Hemos producido tanta chatarra, basura y contaminación ambiental, que estamos amenazando la integridad genética de nuestra especie. Una sola afectación: los disruptores endocrinos se constituyen en un riesgo para nuestro bienestar y la genética de nuestros descendientes.



Según el sitio web www.sanitas.es, los disruptores endocrinos provienen de: “alimentos, pesticidas, productos de higiene personal y de limpieza, materiales de construcción, materiales plásticos, ambientadores, materiales de decoración, insecticidas, ropa, juguetes, electrodomésticos, aparatos electrónicos. La lista es muy larga, al igual que la de las sustancias químicas que pueden alterar el sistema endocrino".



Todos estos son productos que usamos y consumimos constantemente. Hemos convertido todo el sistema productivo en una fábrica de venenos, y los estamos bebiendo, comiendo, respirando y aplicando a nuestra piel, nuestro cabello, y a todo nuestro cuerpo. Eso se llama suicidio.



Los gunas son de los pocos pueblos originarios que tenían un concepto para denominar a nuestro continente: Abya Yala. A los demás mortales, el uso cultural nos ha impuesto el nombre de América. Lo cierto es que Abya Yala se está hundiendo como causa del cambio climático.

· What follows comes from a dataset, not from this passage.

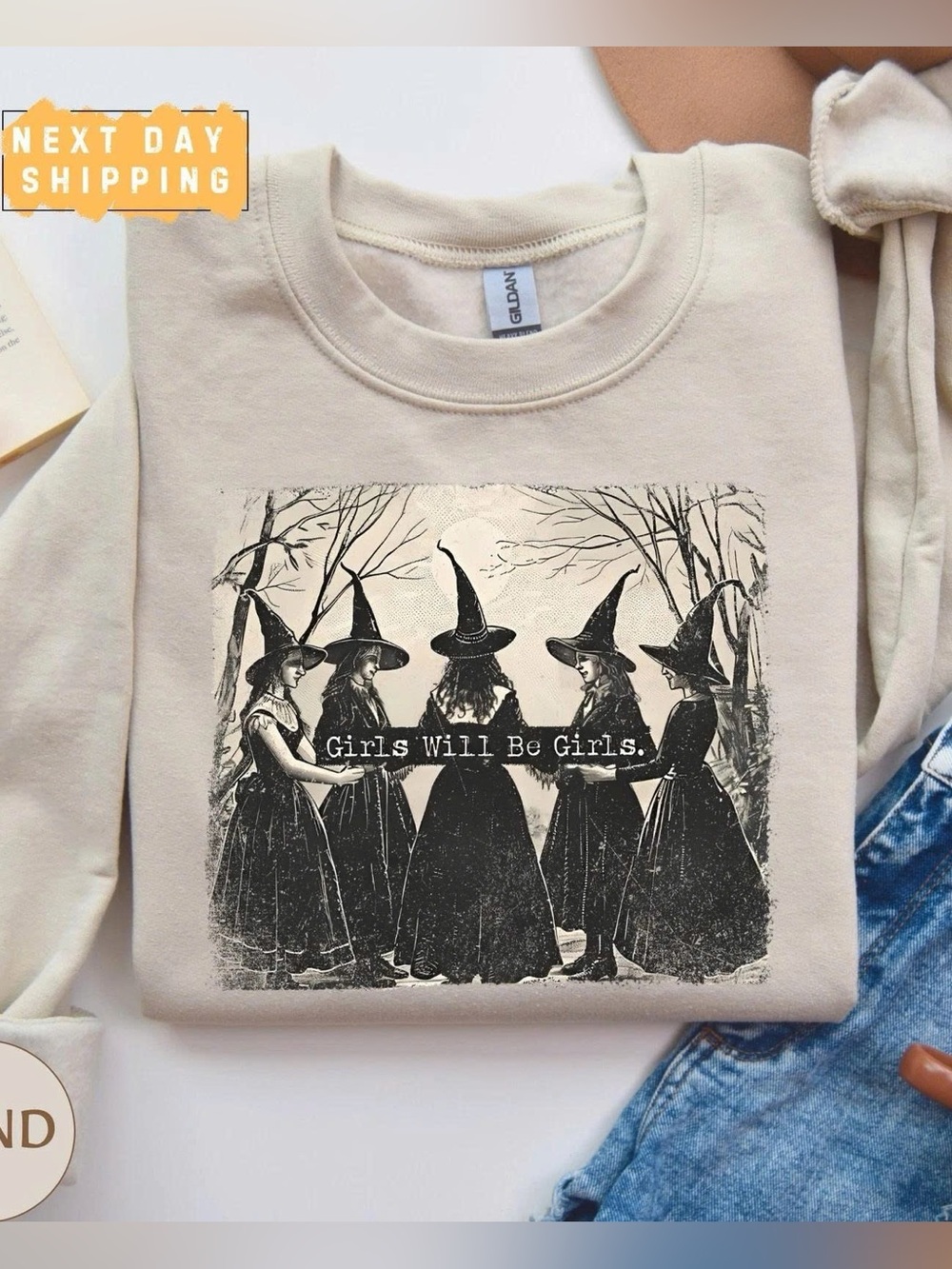 Cream Women’s Short Sleeve Tee with Black Witch Graphic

Los gunas ya empezaron la mudanza a tierra firme, dejando atrás cientos de años de tradiciones y de vivencias en sus islas. Los gunas son los primeros refugiados ambientales de nuestro país. En las próximas décadas, se les sumarán los residentes de Garrote y Portobelo en Colón, toda la costa bocatoreña, Puerto Armuelles, Alanje, Puerto Mutis, Parita, Mensabé, Aguadulce, Puerto Caimito, Boca la Caja, Panamá Viejo, Juan Díaz y un largo rosario de comunidades que seguirán la suerte de las islas de Guna Yala.

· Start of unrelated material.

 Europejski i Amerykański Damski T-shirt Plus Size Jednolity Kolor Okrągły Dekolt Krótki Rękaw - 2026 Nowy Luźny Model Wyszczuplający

Un maestro de esas islas me contaba que su mayor pérdida era su cementerio, allí donde reposaban los restos de los abuelos de sus abuelos. Pensé en mis propios antepasados enterrados en el Jardín de Paz, un valle vecino de un área de manglares y todo el estuario de Panamá Viejo. En algunas décadas con el cambio climático, esa área podría convertirse en memoria.



El mapa de la ciudad de Panamá de 2060 será distinto al de 2020. Es probable que el mapa de todo el planeta cambie radicalmente.



Jorge Luis Borges, en uno de sus microrrelatos más famosos, contaba que una vez se hizo un mapa del universo y se obtuvo una imagen del rostro de Dios. Si se dibujan los nuevos mapas de la realidad ambiental del mundo, se estará dibujando el rostro de nuestro planeta llorando: sus principales habitantes se han empeñado en destruirla.